[[ MATERIAL FOR THE TASK, beginning ]]

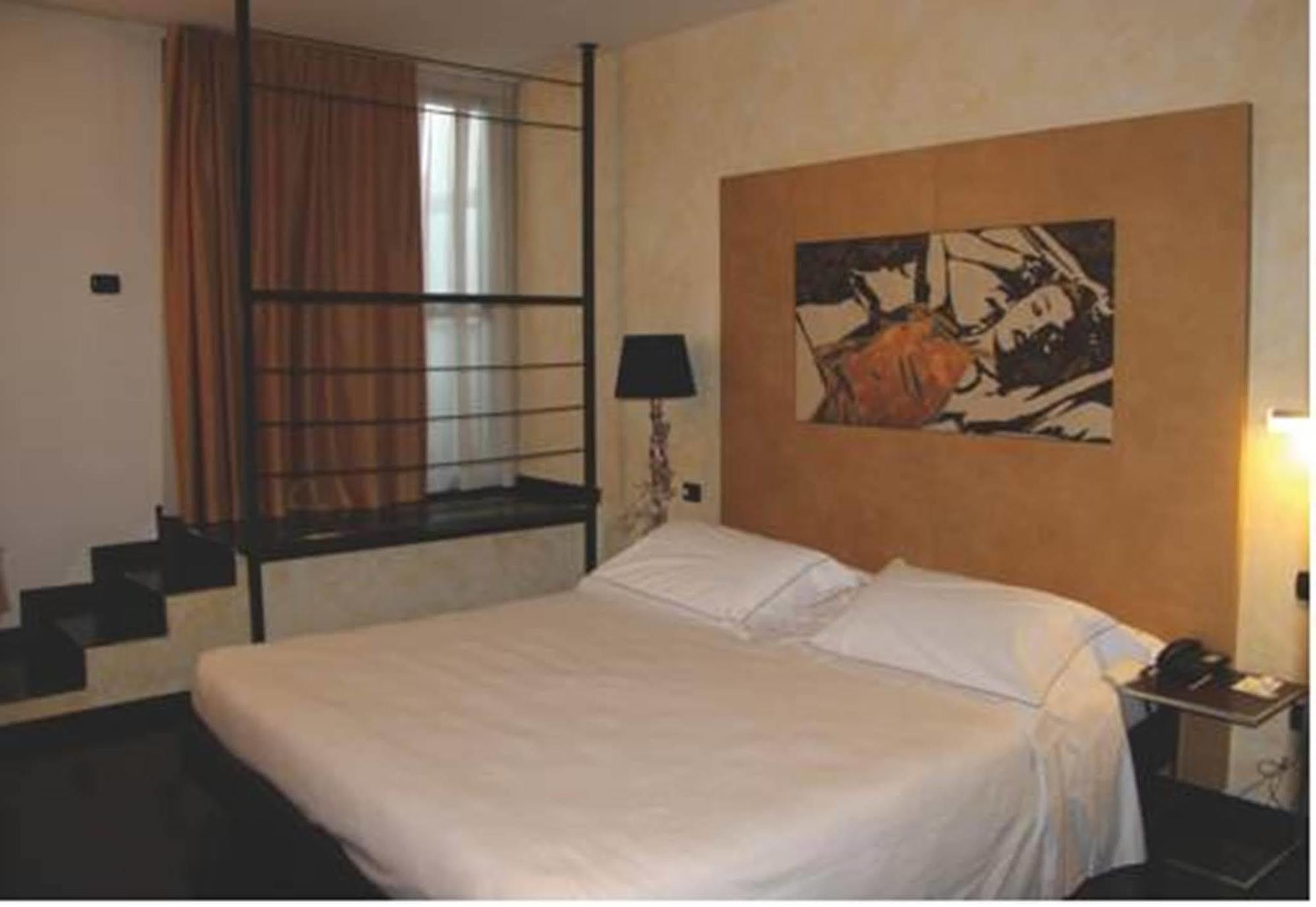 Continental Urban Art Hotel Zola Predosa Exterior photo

[[ MATERIAL FOR THE TASK, end ]]
[[ MATERIAL FOR THE TASK, beginning ]]

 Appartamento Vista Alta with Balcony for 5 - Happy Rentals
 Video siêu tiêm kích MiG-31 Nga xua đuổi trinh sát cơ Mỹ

[[ MATERIAL FOR THE TASK, end ]]

*WHAT YOU HAVE TO DO*.
Within the listing above, locate the line containing "Appartamento Vista Alta" and the line containing "Video siêu tiêm". Reproduce those two lines and all lines between them exactly, with nothing added.

*SOLUTION TO THIS EXERCISE*.
 Appartamento Vista Alta with Balcony for 5 - Happy Rentals
 Video siêu tiêm kích MiG-31 Nga xua đuổi trinh sát cơ Mỹ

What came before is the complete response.